Si elle a été officiellement créée au début du XVIIe siècle, la Guardia corsa papale a vu de nombreux Corses composer ses rangs dès le VIIIe siècle. Mercenaires, soldats réputés, les insulaires qui en faisaient partie avaient été choisis à l'origine par le pape Léon III pour garder les murs de Rome.
Cœur battant de Rome avec ses restaurants, ses bâtiments colorés et sa vie animée, le quartier populaire du Trastevere témoigne d’une histoire oubliée : celle de sa communauté corse dont les traces demeurent çà et là comme dans la Basilique de San Crisogono, appelée aussi Chiesa nazionale dei corsi.
En tout, ce sont des centaines voire des milliers de personnes qui, au fil des siècles, se sont impliquées dans la vie de la ville éternelle mais aussi et surtout du Saint-Siège.
L’histoire prendrait sa source au VIIIème siècle, avec la décision du pape Léon III de recruter des Corses pour assurer la sécurité du Vatican. C’est la naissance de la Guardia corsa papale.
"Ils avaient des rôles de policier, de douanier, explique Yves Pasquali, fondateur de l'associu Guardia corsa papale. En faisant cela, ils ont participé au développement de la ville de Rome et du Saint-Siège. Les faits d'armes sont nombreux. Il ne faut pas oublier qu'à un moment donné, ils avaient trois casernes. Ce sont donc des milliers de gens qui ont été au service du pape pendant des siècles. Ce n'est pas une histoire de quelques personnes qui sont allées à Rome..."
Le reportage de Jean-Philippe Mattei, Pierre Nicolas, Anna Péron et Stéphane Lapera :
Poussés vers Rome ou encore Venise par les invasions diverses dans l’île, les Corses sont choisis par le pape avec soin. Mercenaires, soldats réputés, leur bravoure a été reconnue et leurs talents utilisés dans la garde du Saint-Père.
"I Corsi sò stati sempri ubligati à difendasi, dice Antoine Tramini, membru di l'associu Guardia corsa papale. U papa eddu sapia ch'i Corsi erani ghjenti valurosi, ghjenti cumbattanti, chì si battiani, chì manighjavani bè l'armi. Dunqua, sapia bè ch'incù i Corsi ùn ci avia micca da esse tanti prublemi."
Si la Guardia corsa papale perdure au fur et à mesure que les souverains pontifes se succèdent, elle n’est officialisée qu’au XVIIe siècle.

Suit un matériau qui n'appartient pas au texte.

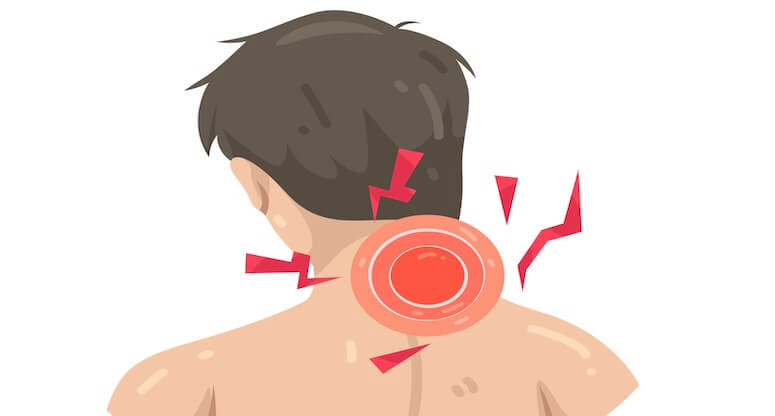 Sigara Kullanımı ve Boyun Fıtığı: Bilimsel Çalışmalardan Çarpıcı Bulgular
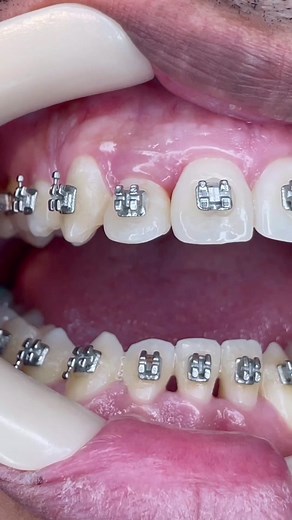 A little triming! 😬 #orthodontist #orthotricks #selfimprovement #ortodoncia #Ortodoncista #Fyp #dramaticmoments #Dental #vegan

Enracinés à Rome et jouant le rôle de gendarmes, les Corses seraient paradoxalement aussi à l’origine du banditisme et d’une certaine violence dans la cité romaine.

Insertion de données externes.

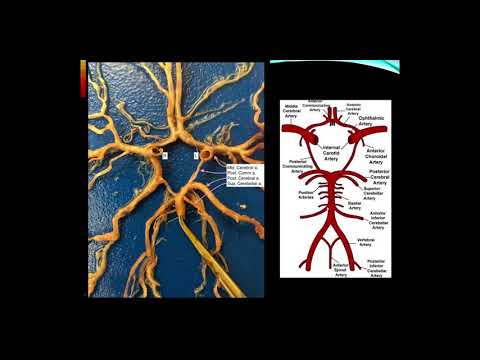 Cerebrovascular Disease,  Part 1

En 1662, un conflit entre la garde corse et la sécurité rapprochée du duc de Créquy, ambassadeur de Louis XIV à Rome éclate devant le palazzo Farnese. Le tout jeune roi Soleil, inexpérimenté, fait feu de tout bois sur le plan militaire.
"Il y a eu plusieurs morts dans cet affrontement, précise l'historien Antoine-Marie Graziani. Le duc de Créquy va protester officiellement et Louis XIV va partir évidemment en avant et va déclencher une quasi guerre avec le Vatican pour l'affaire corse. Et cela va être traité par un traité particulier, le traité de Pise, où le pape abandonne l'idée d'avoir une garde corse."
Confrérie corse à Rome
De nos jours, le souvenir de la Guardia corsa papale perdure grâce au travail de l’association éponyme créée par Yves Pasquali.
"Cela m'a vraiment tenu à coeur, par passion, de la remettre au goût du jour parce qu'elle est très importante pour les Corses, assure ce dernier. Il ne faut pas oublier que nous sommes une terre vaticane depuis très longtemps. Les liens avec Rome sont énormes, et pas seulement au niveau religieux. Là-bas, les Corses ont créé une confrérie qui existe toujours aujourd'hui. Ils ont participé justement à l'évolution de la ville de Rome."
Autant que faire se peut, l’associu Guardia corsa papale se rend à Rome pour célébrer la Madonna Fiumarola avec l’arciconfraternita del Carmine. Une confrérie créée par les Corses à Rome au XVe siècle.
"C'hè a prucissiò ind'a cità, dunqua in tuttu u quartieru di u Trastevere, spiega Antoine Tramini. Eppo c'hè a famosa prucissiò nant'à u Tevere. Si parta incù a madona è si ricodda tuttu u fiume cusì sin'à insù pà ghjunghja sin'à u quartieru corsu è dopu si riparta cantendu. Sò dui ghjorni maravigliosi."
Au fil des siècles, les liens entre la Corse et le Vatican se sont montrés tour à tour resserrés et distendus. La venue du pape François à Ajaccio les renforcera sans doute encore un peu plus.